--- Dataset content ---
────────
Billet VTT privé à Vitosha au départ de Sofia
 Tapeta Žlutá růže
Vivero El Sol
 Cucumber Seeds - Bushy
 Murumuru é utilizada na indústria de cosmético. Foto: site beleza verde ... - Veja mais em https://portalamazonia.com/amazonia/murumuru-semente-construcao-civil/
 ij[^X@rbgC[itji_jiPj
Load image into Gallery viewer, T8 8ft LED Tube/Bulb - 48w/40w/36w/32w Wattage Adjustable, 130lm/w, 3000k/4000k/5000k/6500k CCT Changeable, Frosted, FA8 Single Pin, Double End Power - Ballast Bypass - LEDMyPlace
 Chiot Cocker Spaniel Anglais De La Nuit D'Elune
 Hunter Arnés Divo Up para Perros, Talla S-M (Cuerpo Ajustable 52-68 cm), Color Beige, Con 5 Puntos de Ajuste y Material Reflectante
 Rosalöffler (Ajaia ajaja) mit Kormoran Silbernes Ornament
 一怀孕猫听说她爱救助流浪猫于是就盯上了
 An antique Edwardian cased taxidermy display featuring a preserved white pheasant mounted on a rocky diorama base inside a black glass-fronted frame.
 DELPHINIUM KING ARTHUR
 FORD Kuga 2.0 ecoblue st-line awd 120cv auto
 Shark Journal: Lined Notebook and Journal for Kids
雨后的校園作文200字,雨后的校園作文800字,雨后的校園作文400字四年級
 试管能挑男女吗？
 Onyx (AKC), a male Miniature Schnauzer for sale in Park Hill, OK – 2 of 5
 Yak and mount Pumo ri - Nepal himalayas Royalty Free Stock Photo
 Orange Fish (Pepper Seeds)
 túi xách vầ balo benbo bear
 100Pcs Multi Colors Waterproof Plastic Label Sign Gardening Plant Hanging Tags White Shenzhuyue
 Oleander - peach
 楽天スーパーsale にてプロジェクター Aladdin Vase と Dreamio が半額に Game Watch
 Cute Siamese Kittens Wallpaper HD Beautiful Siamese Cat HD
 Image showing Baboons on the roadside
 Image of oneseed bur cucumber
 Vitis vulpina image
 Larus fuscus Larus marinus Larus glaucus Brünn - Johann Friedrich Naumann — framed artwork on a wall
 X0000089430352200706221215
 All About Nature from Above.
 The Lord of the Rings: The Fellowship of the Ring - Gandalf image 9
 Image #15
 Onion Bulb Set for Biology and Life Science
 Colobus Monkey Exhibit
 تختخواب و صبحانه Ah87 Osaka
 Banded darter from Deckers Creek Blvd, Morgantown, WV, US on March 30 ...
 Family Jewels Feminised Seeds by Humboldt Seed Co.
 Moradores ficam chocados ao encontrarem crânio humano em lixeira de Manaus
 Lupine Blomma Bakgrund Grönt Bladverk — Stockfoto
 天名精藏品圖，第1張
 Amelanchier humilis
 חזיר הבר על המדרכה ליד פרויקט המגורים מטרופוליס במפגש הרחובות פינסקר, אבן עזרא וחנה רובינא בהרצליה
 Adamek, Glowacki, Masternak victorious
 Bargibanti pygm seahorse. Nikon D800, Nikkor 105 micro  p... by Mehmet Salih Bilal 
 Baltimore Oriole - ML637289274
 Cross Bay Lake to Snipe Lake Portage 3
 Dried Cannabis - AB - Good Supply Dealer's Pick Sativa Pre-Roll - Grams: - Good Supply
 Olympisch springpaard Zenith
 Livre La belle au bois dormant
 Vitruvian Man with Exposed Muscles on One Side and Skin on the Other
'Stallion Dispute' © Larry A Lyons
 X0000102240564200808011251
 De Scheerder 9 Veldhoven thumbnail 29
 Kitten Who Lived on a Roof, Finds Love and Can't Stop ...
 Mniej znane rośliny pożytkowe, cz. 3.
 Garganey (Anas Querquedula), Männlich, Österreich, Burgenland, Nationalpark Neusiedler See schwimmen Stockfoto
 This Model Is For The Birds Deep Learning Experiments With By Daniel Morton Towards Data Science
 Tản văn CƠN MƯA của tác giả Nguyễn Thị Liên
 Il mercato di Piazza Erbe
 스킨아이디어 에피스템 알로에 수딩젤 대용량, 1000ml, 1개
────────
--- How to complete this task ---
In the listing above, the line with "Livre La belle au bois dormant" and every line after it must be set down word for word, and no other line.

--- Output of the task ---
 Livre La belle au bois dormant
 Vitruvian Man with Exposed Muscles on One Side and Skin on the Other
'Stallion Dispute' © Larry A Lyons
 X0000102240564200808011251
 De Scheerder 9 Veldhoven thumbnail 29
 Kitten Who Lived on a Roof, Finds Love and Can't Stop ...
 Mniej znane rośliny pożytkowe, cz. 3.
 Garganey (Anas Querquedula), Männlich, Österreich, Burgenland, Nationalpark Neusiedler See schwimmen Stockfoto
 This Model Is For The Birds Deep Learning Experiments With By Daniel Morton Towards Data Science
 Tản văn CƠN MƯA của tác giả Nguyễn Thị Liên
 Il mercato di Piazza Erbe
 스킨아이디어 에피스템 알로에 수딩젤 대용량, 1000ml, 1개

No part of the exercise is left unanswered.